◆ LISTED RECORDS ◆
+---+
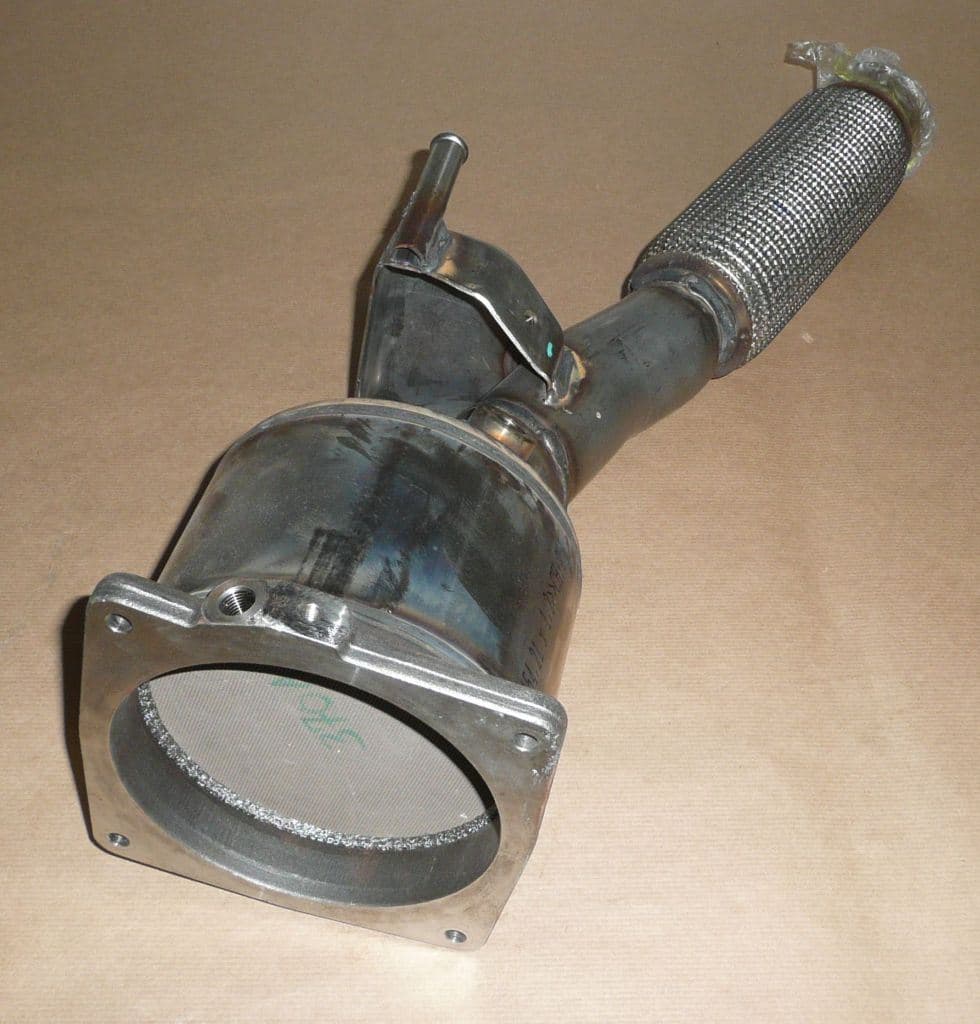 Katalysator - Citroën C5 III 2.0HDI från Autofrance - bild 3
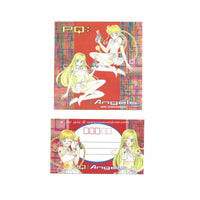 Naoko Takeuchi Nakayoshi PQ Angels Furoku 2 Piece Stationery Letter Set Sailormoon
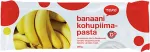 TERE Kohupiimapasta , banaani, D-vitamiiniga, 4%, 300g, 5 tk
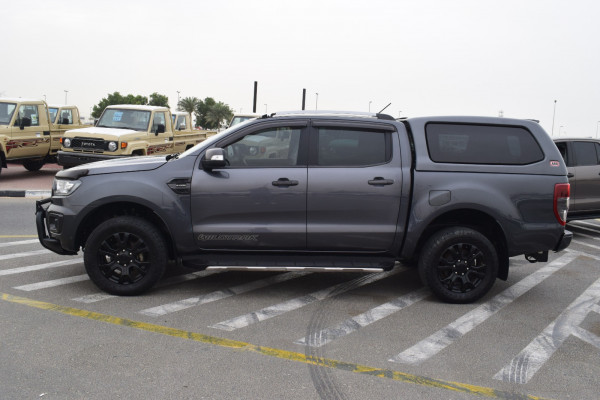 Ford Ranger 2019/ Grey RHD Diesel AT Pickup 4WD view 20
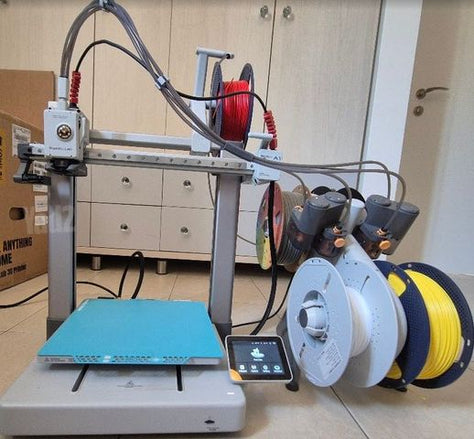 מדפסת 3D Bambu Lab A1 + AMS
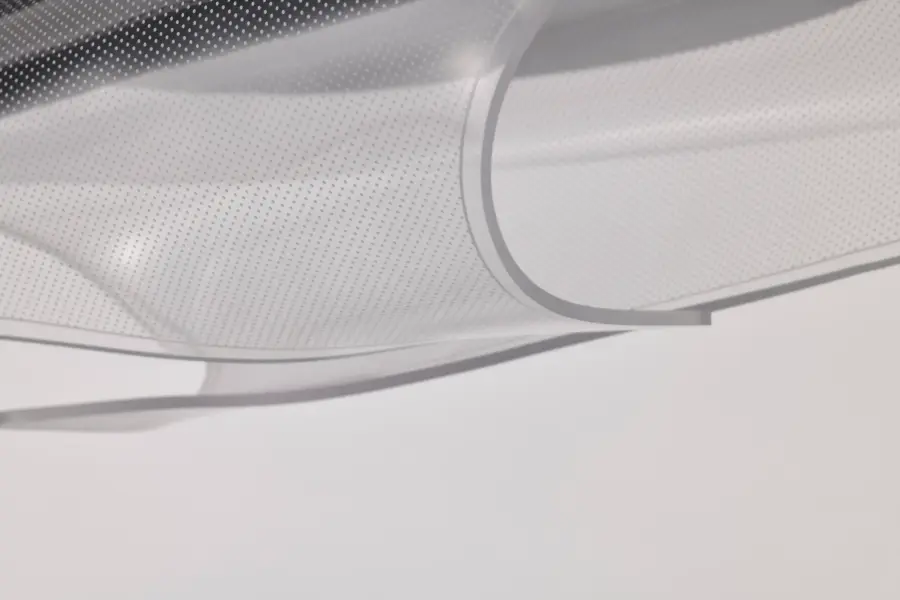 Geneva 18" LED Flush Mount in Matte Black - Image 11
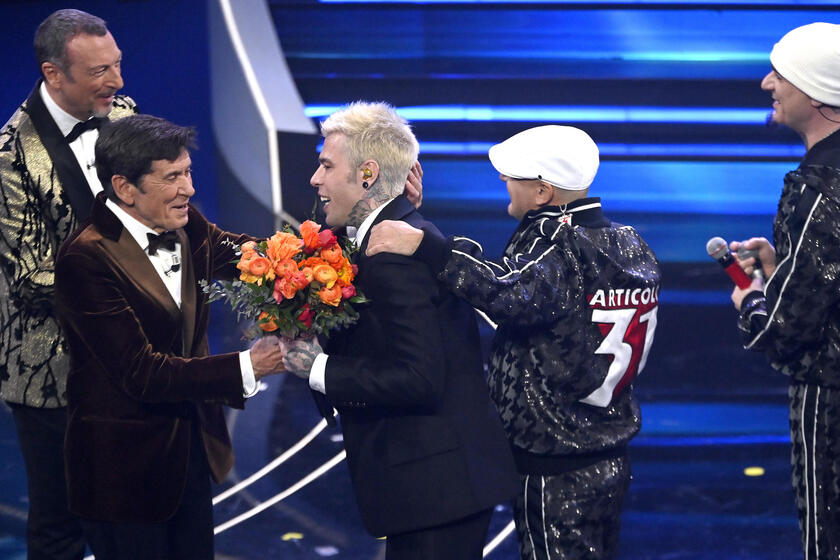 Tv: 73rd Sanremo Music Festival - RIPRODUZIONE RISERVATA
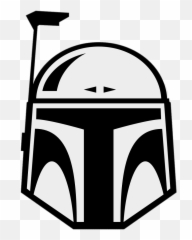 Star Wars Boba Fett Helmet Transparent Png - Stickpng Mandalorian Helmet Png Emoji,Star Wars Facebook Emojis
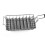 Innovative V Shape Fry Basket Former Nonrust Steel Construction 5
+---+
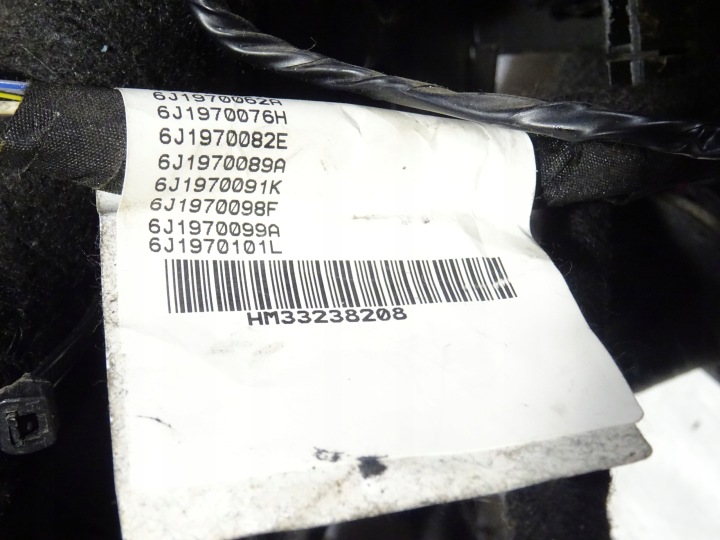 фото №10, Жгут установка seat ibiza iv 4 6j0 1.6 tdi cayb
+---+
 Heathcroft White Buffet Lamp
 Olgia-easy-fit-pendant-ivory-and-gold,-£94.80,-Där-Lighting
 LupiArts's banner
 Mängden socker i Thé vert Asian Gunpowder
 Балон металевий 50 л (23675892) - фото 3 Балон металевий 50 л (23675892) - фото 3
+---+
◆ WHAT YOU SHOULD DO ◆
Extract the part of the records that opens with the line containing "Star Wars Boba" and closes with the line containing "Innovative V Shape". Take only those lines, exactly, and no pictures.

◆ YOUR RESPONSE ◆
 Star Wars Boba Fett Helmet Transparent Png - Stickpng Mandalorian Helmet Png Emoji,Star Wars Facebook Emojis
 Innovative V Shape Fry Basket Former Nonrust Steel Construction 5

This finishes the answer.